Rien de bien alarmant dans le fait de continuer notre formation, et donc de nous développer personnellement, quoi. Rien de très individualiste, ou du moins, pas de manière répréhensible.

Le fantasme qui entoure le développement  personnel et les autres activités synonymes d’accomplissement de soi devient gênant lorsqu’il est une pression sociale.

Externalisés dans la sphère publique, le développement personnel et l’accomplissement de soi (j’aurais peut-être du les dissocier) sont passés à la moulinette à paillettes des médias et des marques. On ne devient un être accompli que si l’on plaque tout pour voyager très loin, que si l’on s’illustre dans une ou deux passions bien définies, que l’on développe un talent un peu exceptionnel – qu’il s’agisse de faire de la musique avec sa bouche sur Youtube, ou bien de faire des dessins avec du marc de café -, que si l’on a un caractère physique hors-du-commun.

Les promotions de l’exceptionnel et de l’incroyable régissent notre droit au rêve. Par conséquent, celui qui rêve de devenir propriétaire d’une petite maison en campagne pour se rapprocher de son travail – quel qu’il soit -, et d’une bonne tartine au beurre pour son petit déjeuner du lendemain n’est qu’un putain d’individualiste qui ne sait pas avoir de rêves. Comme si l’on pouvait juger sur des critères qualitatifs les rêves des autres. Comme si ne pas avoir de rêves, de passions, de spécialités, d’exceptionnalité en soi était anormal.

L‘anormalité, ce serait la normalité. Ceux qui n’ont pas nécessairement envie de faire de vagues deviennent les marginaux.

On leur fout des complexes s’ils venaient à se contenter de choses futiles et rêver de petits riens. Gare à eux s’ils ne savent pas quoi répondre à la question « quel serait ton rêve le plus fou ? », ou bien s’il n’est pas assez fou aux yeux du reste du monde.

(C’était la phrase de trop)

(Bisou)

Causons bonheur.

Récemment, j’ai tenu une conversation plutôt importante avec une personne très proche.

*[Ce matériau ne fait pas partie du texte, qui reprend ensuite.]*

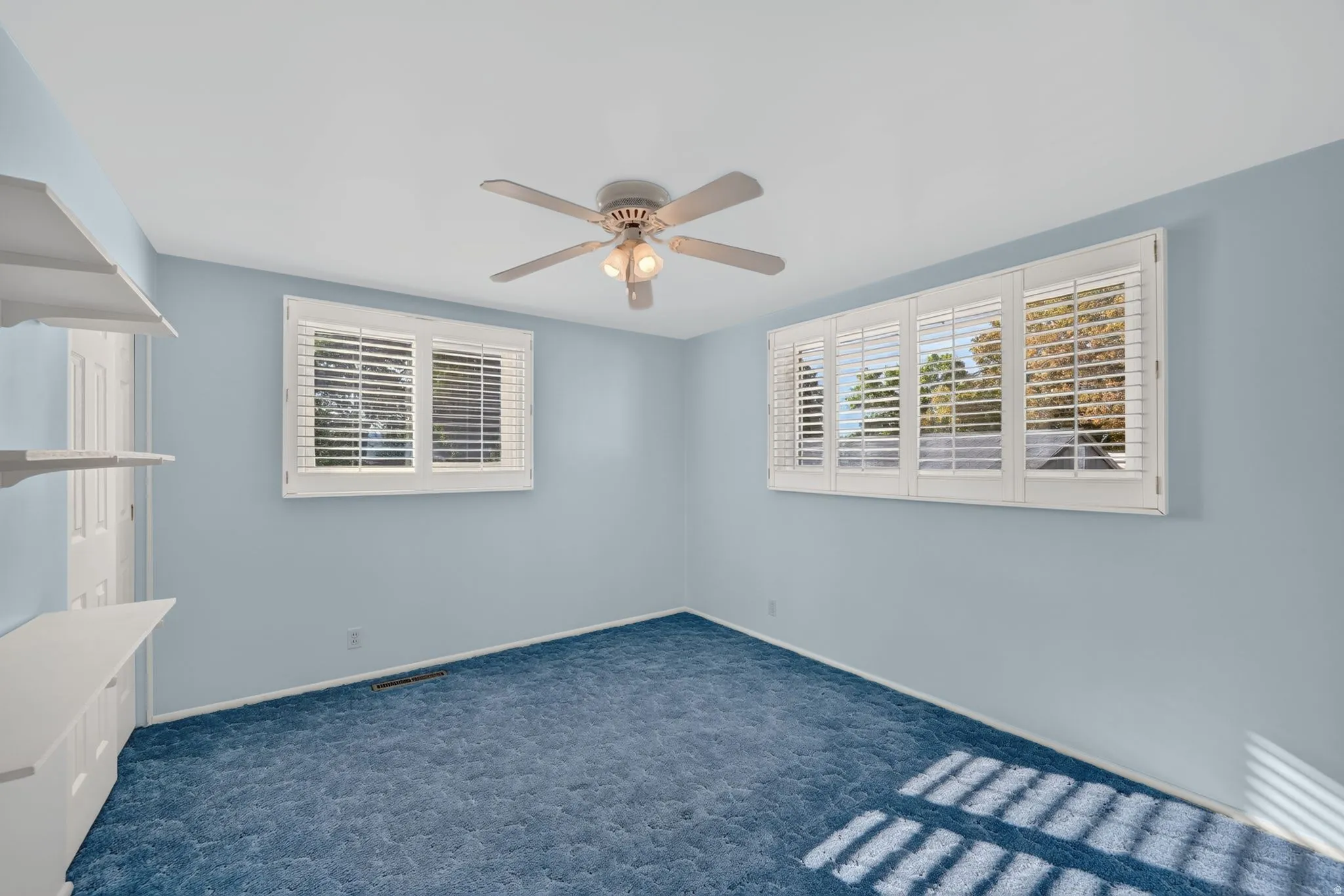 Expansive wall with white plantation shutters, two windows, and a ceiling fan with integrated lighting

C‘est déstabilisant de parler de concepts à première vue simplistes. On réalise très vite qu’ils sont faciles à nommer, on comprend instinctivement les raisons pour lesquelles on décide d’attribuer ce mot en particulier au phénomène. Mais le problème tient justement dans l’instinct : ledit concept simpliste ne peut pas vraiment attester de caractéristiques objectives, ne se satisfait pas de déterminations scientifiques qui apparaîtraient trop réductrices. Tout simplement parce qu’il ne peut seulement s’agir d’un calcul, d’un système global et généralisé pour penser le domaine public, ni ne doit être une bulle de savon philosophique à gonfler de façon isolée du reste du monde, ce qui est plutôt carrément paradoxal. J’ignore, par exemple, ce qui peut sortir d’un ministère du bonheur. Ca sous-entend qu’on pourrait l’administrer, lui donner des contours – économiques, humanitaires, sociologiques, par exemple –, le délimiter, donc. Doit-il y avoir des limites au bonheur, point d’interrogation. Naturellement, transposé au domaine public, la réponse tend vers le oui. Le bonheur des uns ne doit pas empiéter celui des autres, on distingue alors le bonheur individuel du bonheur public. S’ensuit la question de la liberté, autre concept a priori simpliste sur lequel se penche une flopée d’intellectuels, philosophes, bureaucrates, politiciens, ou gens tout court. Je m’aventure, en ce moment, à la lecture de La Crise de la culture d’Hannah Arendt, qui propose, par chapitres, des expériences de pensée intimidantes sur ces concepts qu’on croit comprendre. Expériences intimidantes puisqu’elles introduisent des subtilités avec une rigueur intellectuelle qui dépasse la couche atmosphérique, soutenues par une bibliographie savante et des contextualisations historiques de pensées philosophiques et politiques que l’on ne connaît pas, ou que certains, plus érudits, auraient oubliées.

Shrek et l'ane

Les derniers paragraphes que j’ai parcourus concernaient la liberté. Le chapitre s’ouvre sur ce qui semble être cette distinction fondamentale entre la liberté conçue dans le domaine politique, comprenant ceux qui vivent dans la cité, et la liberté intérieure, éprouvée dans la conscience de chacun. Les événements contemporains de Arendt, quelque chose comme la Seconde Guerre mondiale et le totalitarisme, ont mis, dans la conscience collective, la coopération de la liberté et de la politique à rude épreuve. Elle pointe donc une défiance généralisée envers le politique comme opérateur de liberté, qui va jusqu’à la scission même : il y aurait plus de liberté là où il y aurait moins de politique. Elle évoque même certaines tribus apolitiques, où la liberté consiste à se libérer des assignations et besoin vitaux : la faim, par exemple. Je ne me risquerai pas à résumer sa pensée d’avantage, je n’ai parcouru qu’une infime partie du chapitre pour le moment, néanmoins, Arendt semble répondre plutôt clairement à un problème : la liberté individuelle, vécue dans la conscience de chacun, ne peut être le modèle conceptuel de la liberté puisque intériorisée, mystérieuse, subjective. Il y aurait autant de libertés que d’intériorités pour l’éprouver : je ne résume plus Arendt, mais chaque conception viendrait à se piétiner gentiment, ou bien mènerait à l’isolement total. Ou bien la liberté devient un idéal intérieur, non un but pratique à atteindre. Dans ce cas, chacun est libre de ses idées. On peut également penser que la perte de croyance envers le politique comme opérateur de liberté amène à recroqueviller sa conception de la liberté dans son intériorité, comme si l’un était la cause de l’autre.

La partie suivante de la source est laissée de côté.